Fuor di metafora, la filosofia del kintsugi è che la vita va avanti anche quando sentiamo che i nostri sogni e progetti sono andati in pezzi, quando ci sentiamo a pezzi noi stessi. Non solo: le tragedie possono essere pensate come circostanze in cui la vita ambisce a trasformarsi, a diventare qualcosa di unico e più bello. La bellezza di questa rinascita è indissolubile dalle ferite che ci ha inferto la sorte, anzi sono proprio le cicatrici dell’anima quelle che rendono la nuova vita più bella di quella di prima.
A ben guardare, tutte le suggestioni che ci vengono dai maestri di vita orientali sono strettamente collegate.

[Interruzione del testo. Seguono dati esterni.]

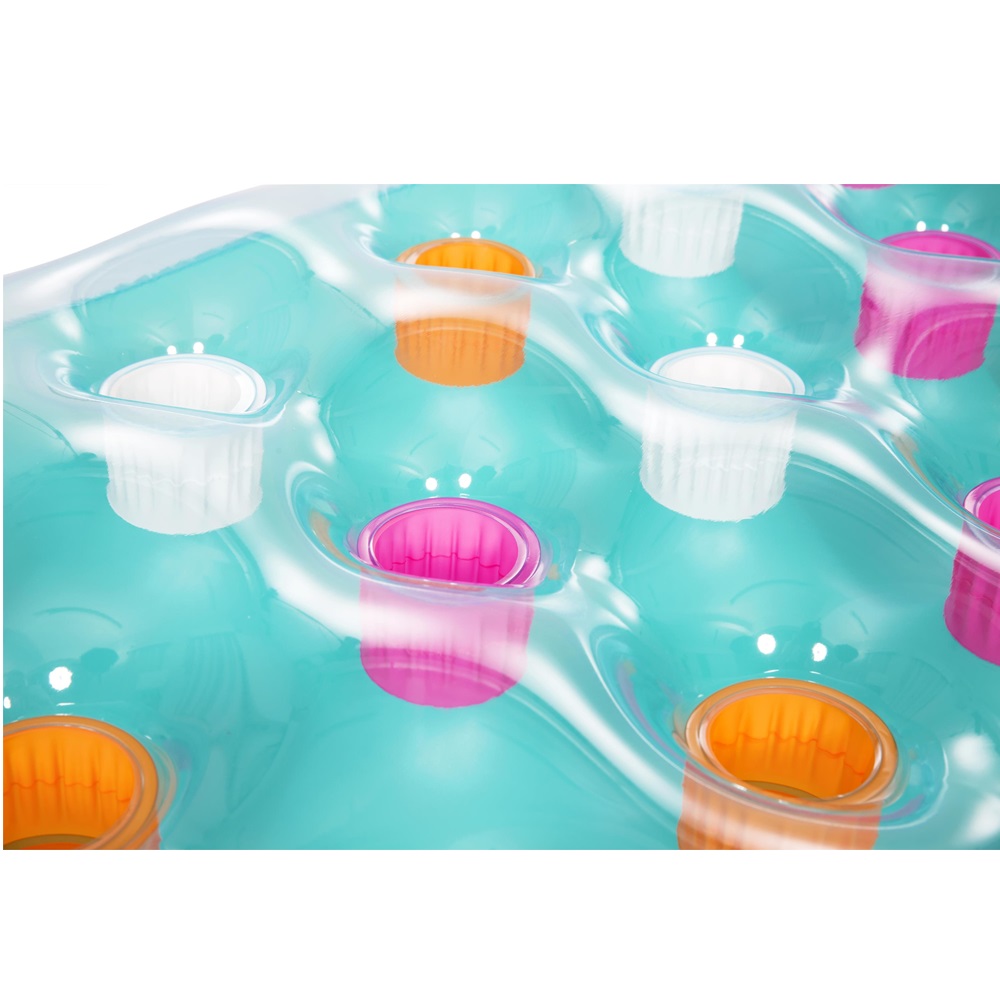 Bademadras - Bestway Ocean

In definitiva, il segreto è uno solo: la cura. Quello che possiamo fare per diventare più saggi è prenderci cura di tutte le cose che fanno parte della nostra vita, delle piccolezze così come delle cose più importanti. Ricordando che, tra le cose di cui dobbiamo prenderci cura, sono compresi i cocci, se la vita è andata in pezzi, e le ferite, se ne abbiamo.